**The records:**
────────────────

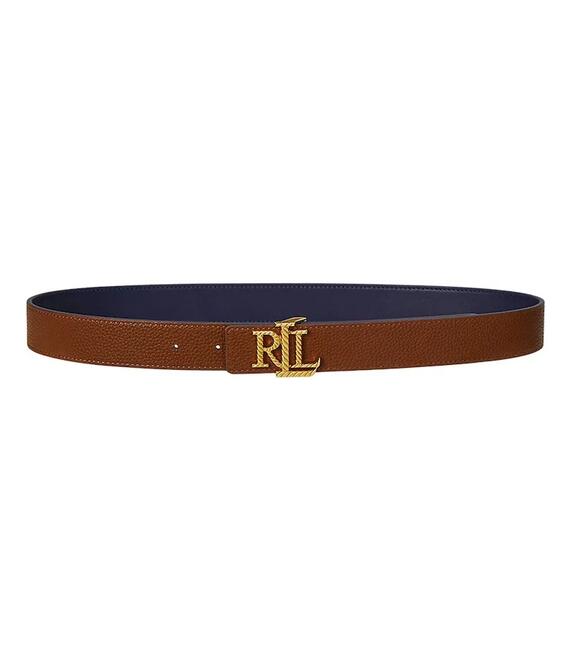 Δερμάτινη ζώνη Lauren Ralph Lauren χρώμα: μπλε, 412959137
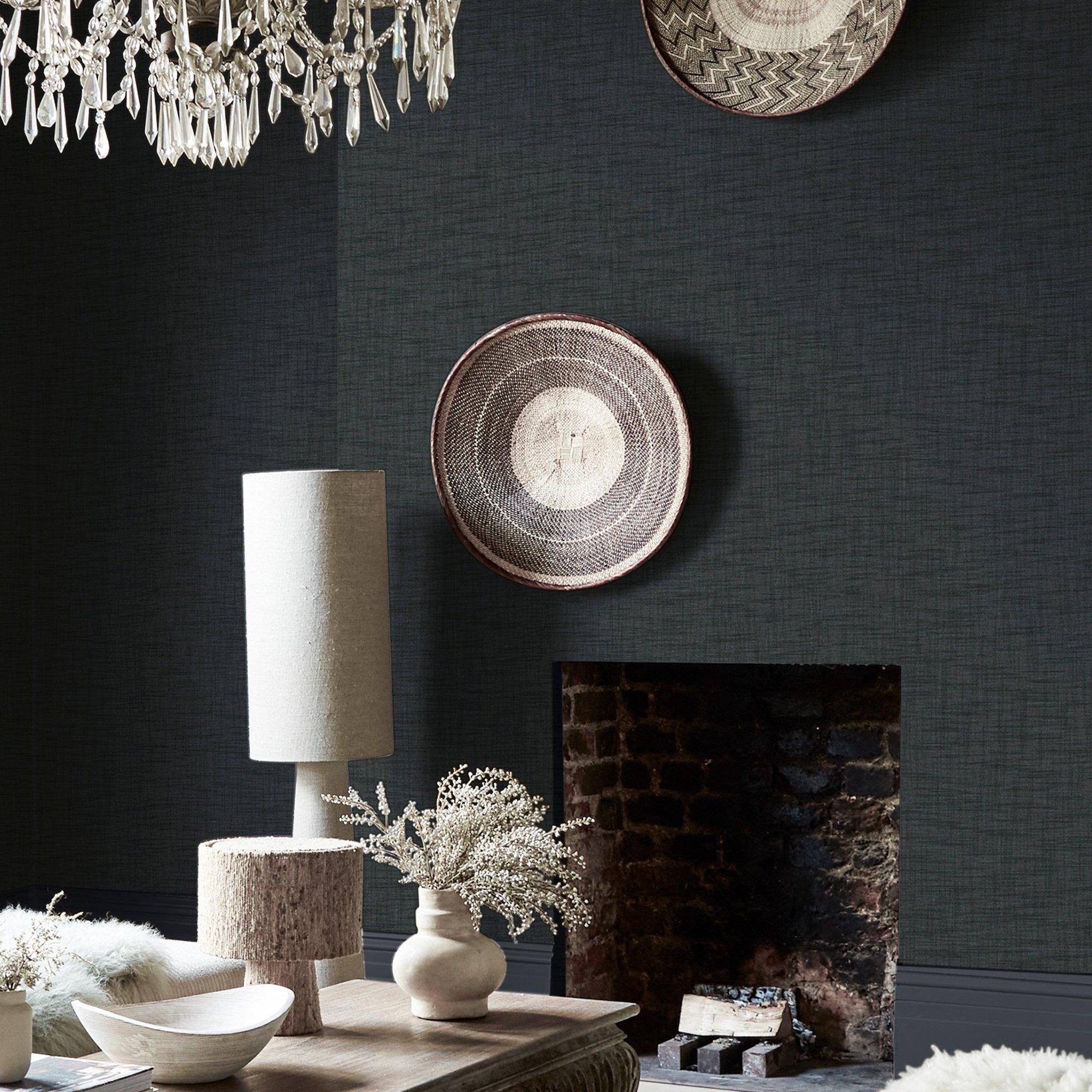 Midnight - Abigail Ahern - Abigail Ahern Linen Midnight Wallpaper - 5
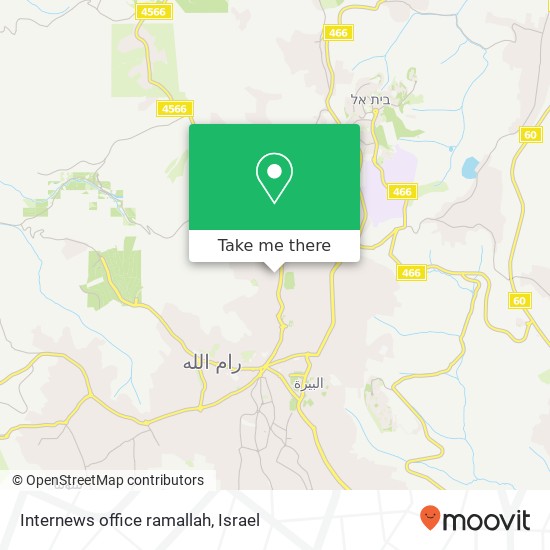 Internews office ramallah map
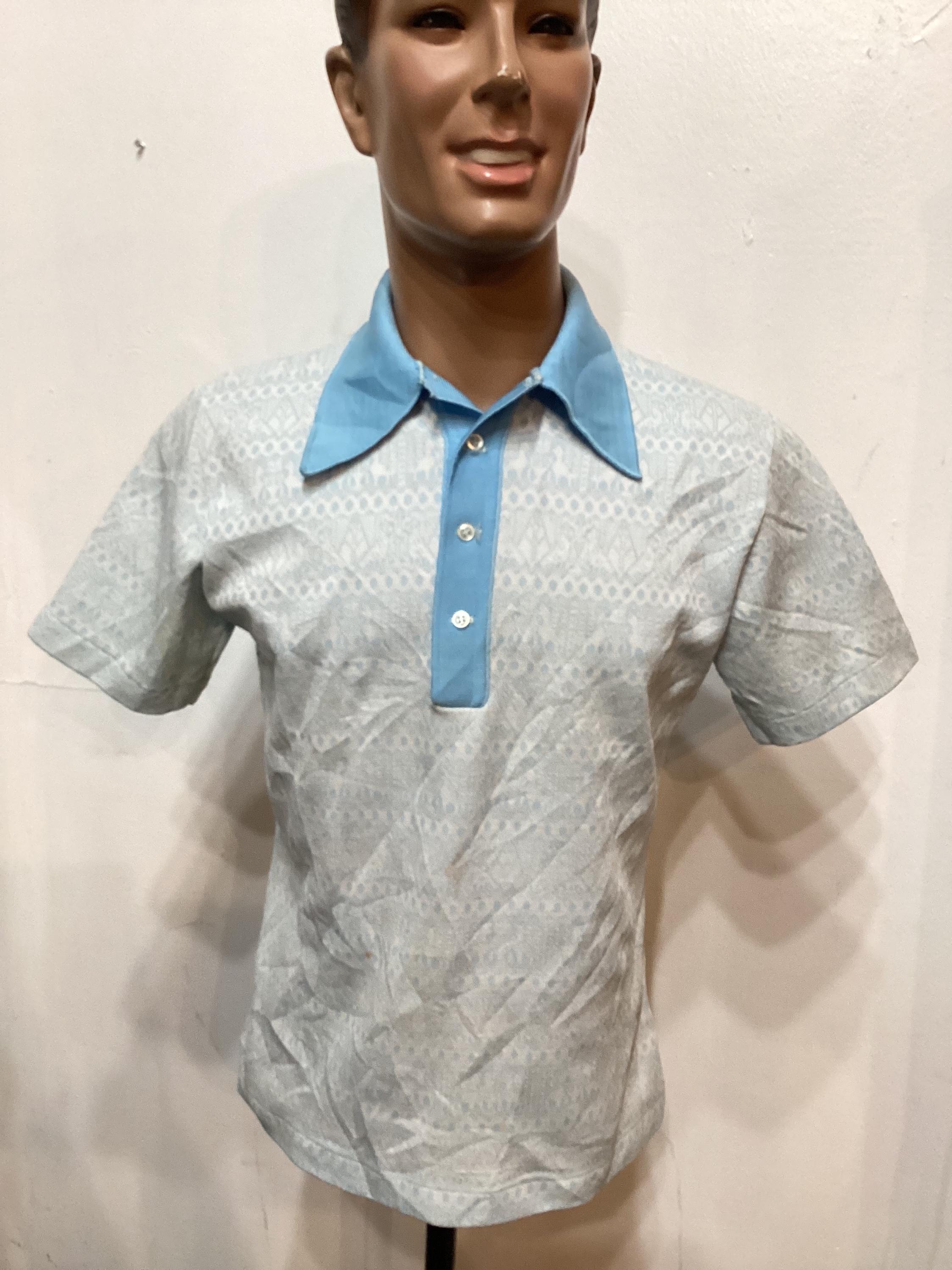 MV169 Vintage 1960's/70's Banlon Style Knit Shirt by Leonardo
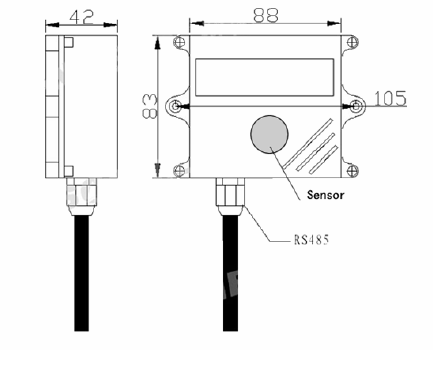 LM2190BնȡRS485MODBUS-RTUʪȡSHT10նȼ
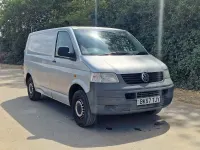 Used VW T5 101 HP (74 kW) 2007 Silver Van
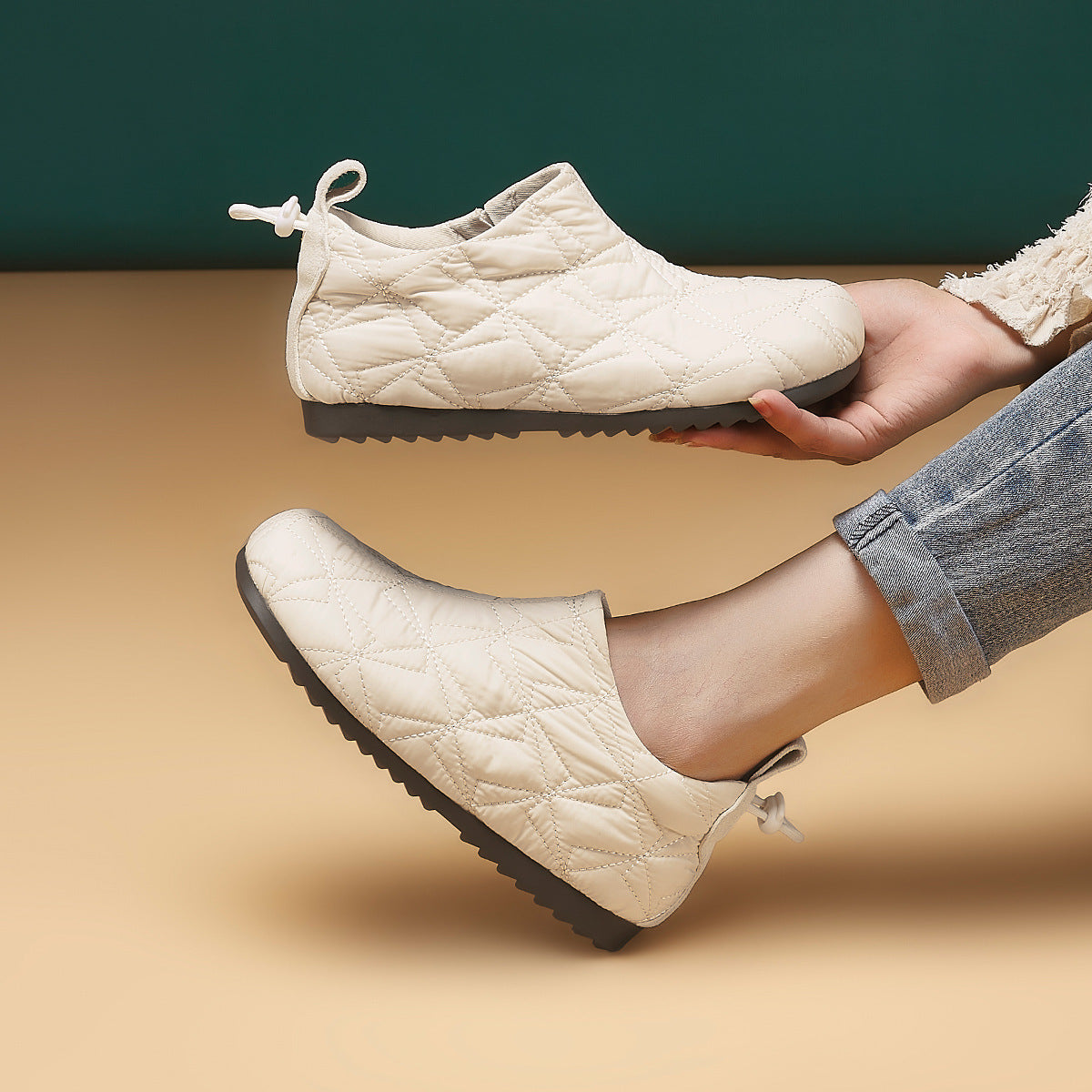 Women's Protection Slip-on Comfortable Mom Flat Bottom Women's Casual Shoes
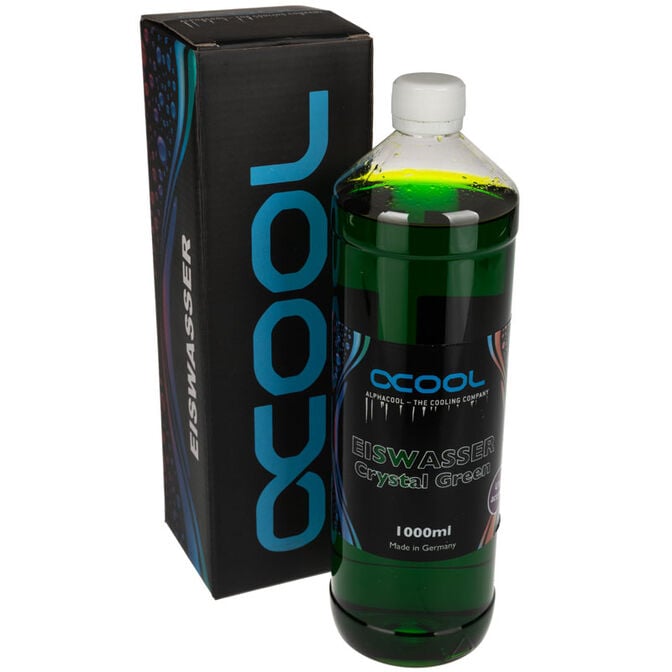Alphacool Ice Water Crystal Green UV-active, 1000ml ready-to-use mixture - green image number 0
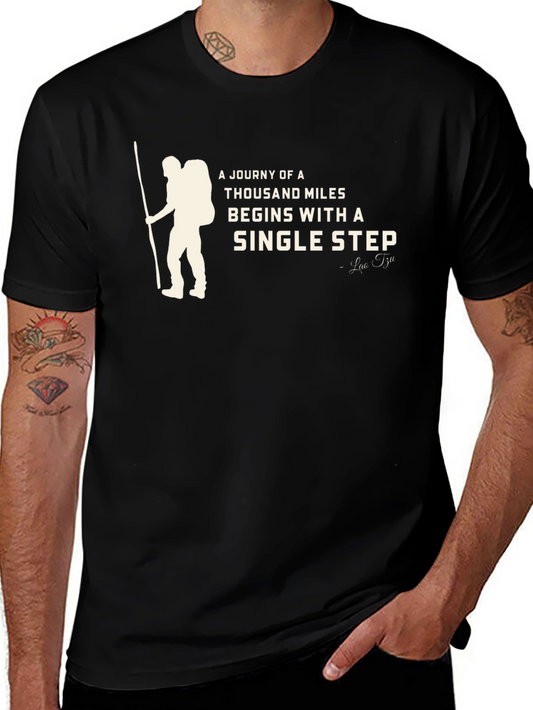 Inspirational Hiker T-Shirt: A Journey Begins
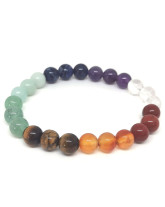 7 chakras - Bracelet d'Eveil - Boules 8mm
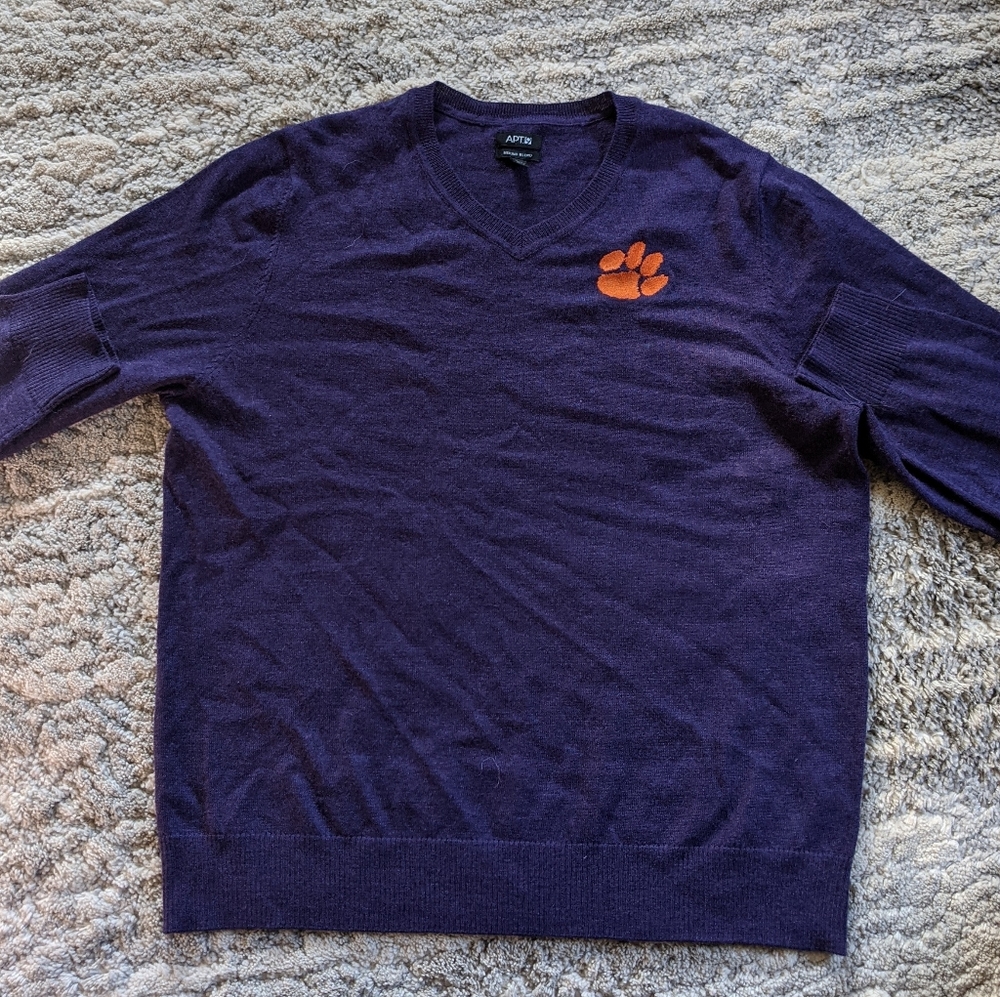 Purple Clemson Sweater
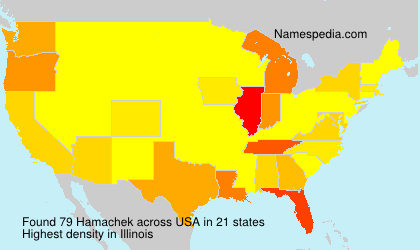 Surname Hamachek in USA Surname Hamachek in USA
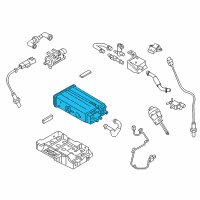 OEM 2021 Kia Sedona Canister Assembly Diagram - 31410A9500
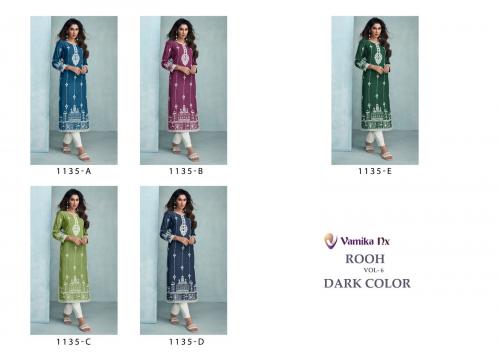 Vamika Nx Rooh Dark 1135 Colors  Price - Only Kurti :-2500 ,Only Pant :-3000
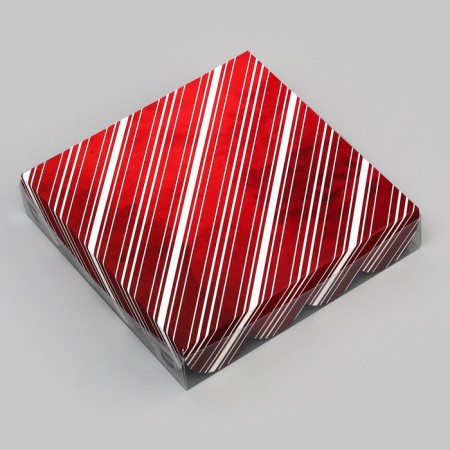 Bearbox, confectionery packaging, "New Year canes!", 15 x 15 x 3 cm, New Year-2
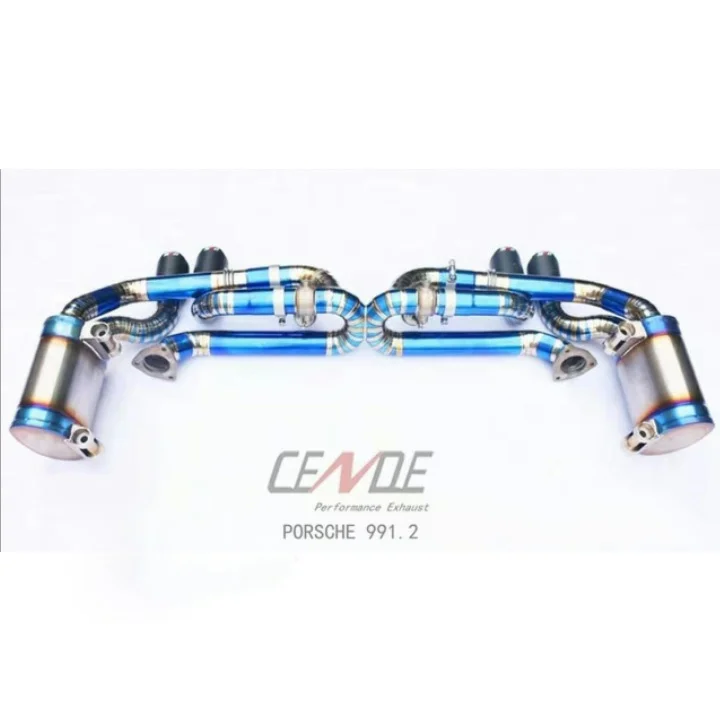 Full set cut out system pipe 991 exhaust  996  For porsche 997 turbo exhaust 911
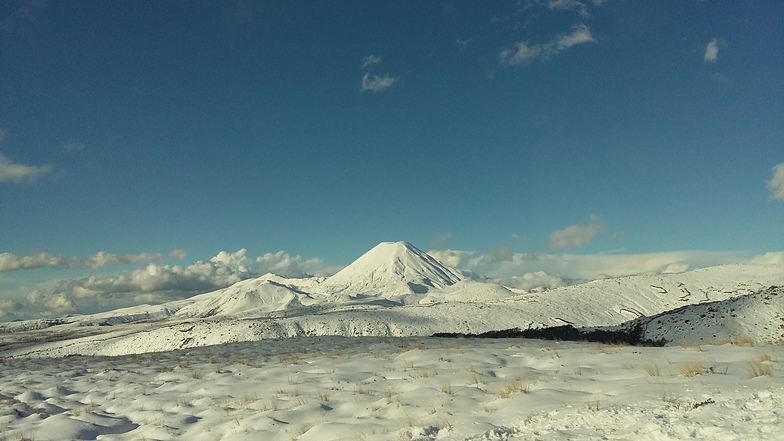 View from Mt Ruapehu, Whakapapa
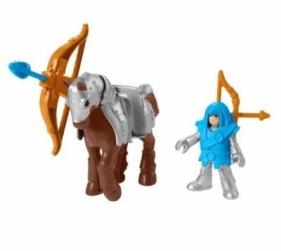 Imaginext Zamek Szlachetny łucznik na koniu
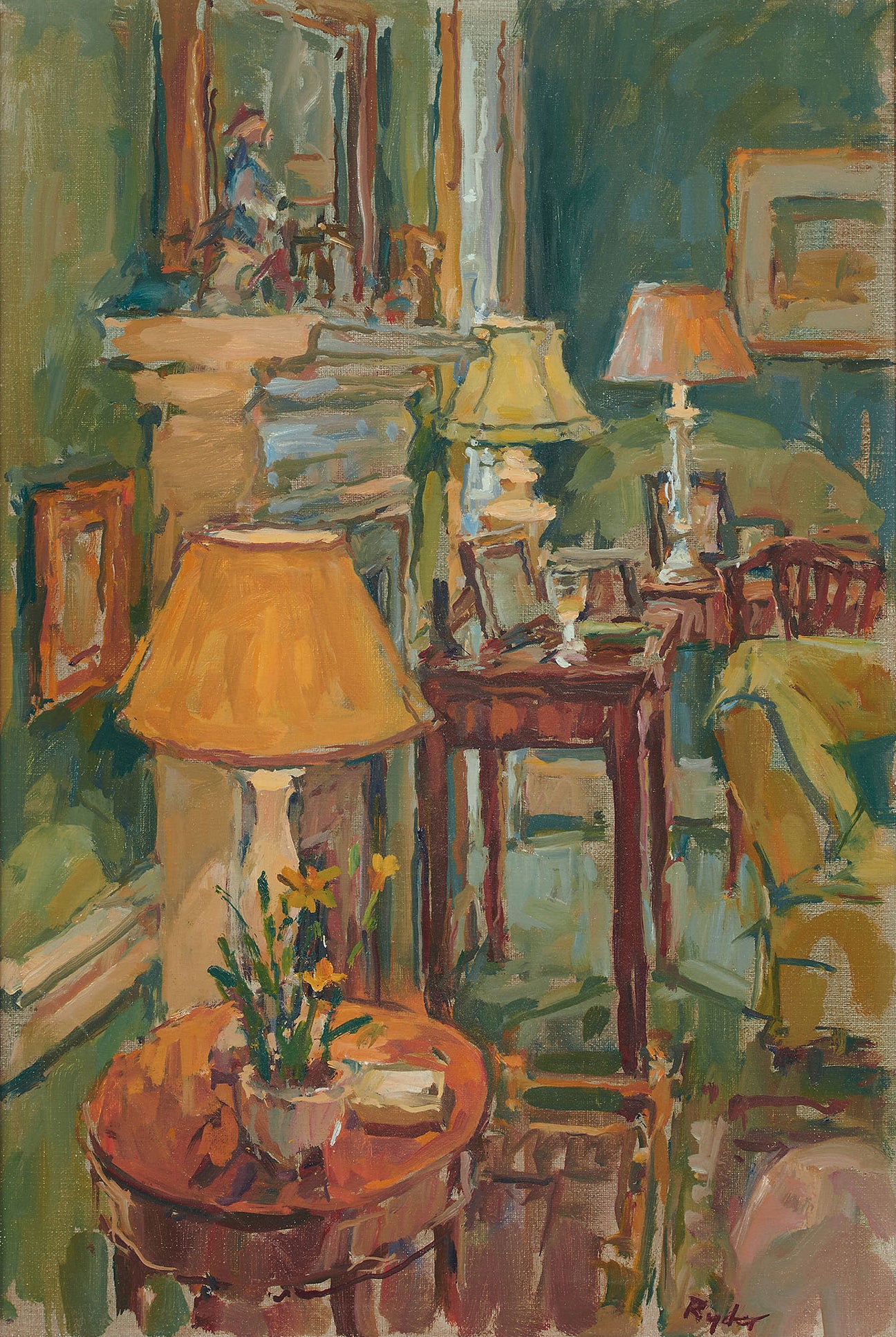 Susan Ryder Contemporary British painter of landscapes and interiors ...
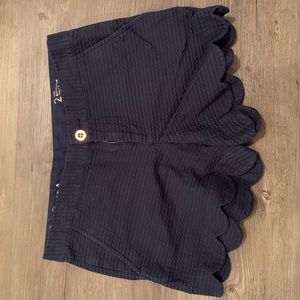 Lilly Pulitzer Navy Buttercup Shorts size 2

────────────────

**What the task asks:**
Retype all the entries exactly; drop the pictures.

**Task output:**
 Δερμάτινη ζώνη Lauren Ralph Lauren χρώμα: μπλε, 412959137
 Midnight - Abigail Ahern - Abigail Ahern Linen Midnight Wallpaper - 5
 Internews office ramallah map
 MV169 Vintage 1960's/70's Banlon Style Knit Shirt by Leonardo
 LM2190BնȡRS485MODBUS-RTUʪȡSHT10նȼ
 Used VW T5 101 HP (74 kW) 2007 Silver Van
 Women's Protection Slip-on Comfortable Mom Flat Bottom Women's Casual Shoes
Alphacool Ice Water Crystal Green UV-active, 1000ml ready-to-use mixture - green image number 0
 Inspirational Hiker T-Shirt: A Journey Begins
 7 chakras - Bracelet d'Eveil - Boules 8mm
 Purple Clemson Sweater
 Surname Hamachek in USA Surname Hamachek in USA
 OEM 2021 Kia Sedona Canister Assembly Diagram - 31410A9500
 Vamika Nx Rooh Dark 1135 Colors  Price - Only Kurti :-2500 ,Only Pant :-3000
 Bearbox, confectionery packaging, "New Year canes!", 15 x 15 x 3 cm, New Year-2
 Full set cut out system pipe 991 exhaust  996  For porsche 997 turbo exhaust 911
 View from Mt Ruapehu, Whakapapa
 Imaginext Zamek Szlachetny łucznik na koniu
 Susan Ryder Contemporary British painter of landscapes and interiors ...
 Lilly Pulitzer Navy Buttercup Shorts size 2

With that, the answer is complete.